The School Board of Miami-Dade County voted on Wednesday to authorize legal action to challenge the controversial House Bill 7069, signed by Gov. Rick Scott in June.
"The word that comes to mind is courage," said Dr. Dorothy Bendross-Mindingall during discussion. "We've got to have the courage to do what is right."
Bill 7069 is seen as a threat to already struggling public schools because it forces school districts around the state to share with privately operated charter schools millions of local tax dollars earmarked for school construction. It also provides for subsidies for charter schools to move into some low-income areas.
Days after the governor signed the bill into law, the Miami-Dade School Board met for a workshop to discuss legal options.
Although it was acknowledged that the bill has many provisions that could be beneficial - including a daily recess requirement and $30 million in extra funding to expand a voucher program for children with disabilities - attorneys offered advice on how the provisions deemed less desirable could be challenged in court.

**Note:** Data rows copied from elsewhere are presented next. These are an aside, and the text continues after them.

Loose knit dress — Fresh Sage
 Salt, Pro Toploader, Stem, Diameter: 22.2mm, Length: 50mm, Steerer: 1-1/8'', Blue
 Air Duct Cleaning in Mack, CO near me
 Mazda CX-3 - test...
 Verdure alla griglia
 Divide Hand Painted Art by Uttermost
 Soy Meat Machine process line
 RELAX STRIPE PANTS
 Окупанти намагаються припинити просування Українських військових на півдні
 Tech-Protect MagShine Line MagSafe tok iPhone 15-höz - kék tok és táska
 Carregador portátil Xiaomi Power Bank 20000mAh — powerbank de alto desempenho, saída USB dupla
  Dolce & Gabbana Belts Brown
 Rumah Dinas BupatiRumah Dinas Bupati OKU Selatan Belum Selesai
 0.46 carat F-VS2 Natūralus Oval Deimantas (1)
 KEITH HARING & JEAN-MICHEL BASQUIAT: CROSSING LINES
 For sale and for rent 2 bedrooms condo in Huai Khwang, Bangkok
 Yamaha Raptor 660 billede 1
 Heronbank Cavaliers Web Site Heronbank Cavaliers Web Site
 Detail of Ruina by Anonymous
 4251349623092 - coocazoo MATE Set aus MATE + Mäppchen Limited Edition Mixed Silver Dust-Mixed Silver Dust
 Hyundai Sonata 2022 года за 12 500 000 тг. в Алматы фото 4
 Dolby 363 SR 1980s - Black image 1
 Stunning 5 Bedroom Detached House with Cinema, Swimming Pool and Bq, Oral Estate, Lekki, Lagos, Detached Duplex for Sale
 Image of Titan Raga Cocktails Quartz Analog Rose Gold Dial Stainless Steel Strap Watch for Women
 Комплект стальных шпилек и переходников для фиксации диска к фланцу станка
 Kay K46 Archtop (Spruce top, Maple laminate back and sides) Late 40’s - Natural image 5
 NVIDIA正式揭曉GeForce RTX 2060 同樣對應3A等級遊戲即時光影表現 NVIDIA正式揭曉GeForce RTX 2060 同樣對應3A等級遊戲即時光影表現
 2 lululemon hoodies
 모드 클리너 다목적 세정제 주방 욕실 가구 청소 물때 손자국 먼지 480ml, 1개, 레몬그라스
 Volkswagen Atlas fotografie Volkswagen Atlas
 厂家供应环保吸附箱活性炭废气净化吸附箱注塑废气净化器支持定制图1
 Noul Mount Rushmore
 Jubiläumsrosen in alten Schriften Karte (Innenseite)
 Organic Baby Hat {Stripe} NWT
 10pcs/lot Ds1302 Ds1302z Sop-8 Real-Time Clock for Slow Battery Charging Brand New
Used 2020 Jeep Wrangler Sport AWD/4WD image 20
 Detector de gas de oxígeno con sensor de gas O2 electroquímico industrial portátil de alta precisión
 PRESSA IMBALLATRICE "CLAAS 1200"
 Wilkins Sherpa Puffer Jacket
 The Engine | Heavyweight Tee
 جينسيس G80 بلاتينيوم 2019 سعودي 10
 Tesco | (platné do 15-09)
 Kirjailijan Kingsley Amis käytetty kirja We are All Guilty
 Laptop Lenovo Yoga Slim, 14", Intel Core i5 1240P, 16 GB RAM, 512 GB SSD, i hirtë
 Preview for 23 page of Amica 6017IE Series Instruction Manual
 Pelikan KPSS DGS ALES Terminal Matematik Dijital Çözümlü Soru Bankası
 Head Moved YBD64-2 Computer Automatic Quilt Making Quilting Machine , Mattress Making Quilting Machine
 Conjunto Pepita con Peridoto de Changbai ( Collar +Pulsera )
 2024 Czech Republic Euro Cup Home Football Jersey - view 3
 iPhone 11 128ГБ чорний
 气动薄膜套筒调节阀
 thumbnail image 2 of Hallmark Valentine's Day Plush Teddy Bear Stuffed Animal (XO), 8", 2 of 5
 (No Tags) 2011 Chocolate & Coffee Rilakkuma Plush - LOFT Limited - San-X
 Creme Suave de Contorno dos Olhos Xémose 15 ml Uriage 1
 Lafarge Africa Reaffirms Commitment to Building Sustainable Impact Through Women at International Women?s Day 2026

Several school board members emphasized their support for school choice Wednesday afternoon, but they agreed the new law infringes on their constitutional authority over schools. They approved the use of $30,000 in non-public funds to finance a potential lawsuit. Superintendent Alberto Carvalho suggested using money from a settlement of earlier litigation with British Petroleum.
During public comment, several people spoke to the school board in support of legal action, including parents and representatives from the Miami-Dade League of Women Voters and the United Teachers of Dade union.
After some discussion, board members agreed to prioritize other options for fighting the law. They plan to send a letter to the governor and state leaders requesting a special legislative session before February to discuss the impact of HB 7069 on school districts.
School board attorney Walter Harvey said that though several school boards in Florida have committed to legal action, an actual lawsuit has yet to be filed.
It's still unclear exactly what a lawsuit will look like or how school districts across Florida will collaborate. "If in fact we are going to find out what others want to do, then we need to sit at that table," said school board chair Dr. Lawrence Feldman. He said representatives from various districts plan to meet in the coming weeks.
The Miami-Dade County Public School Board is WLRN's licensee.
This post has been corrected to reflect that HB 7069 was signed by Governor Scott in June. Originally it said he signed the bill into law in July. We regret the error.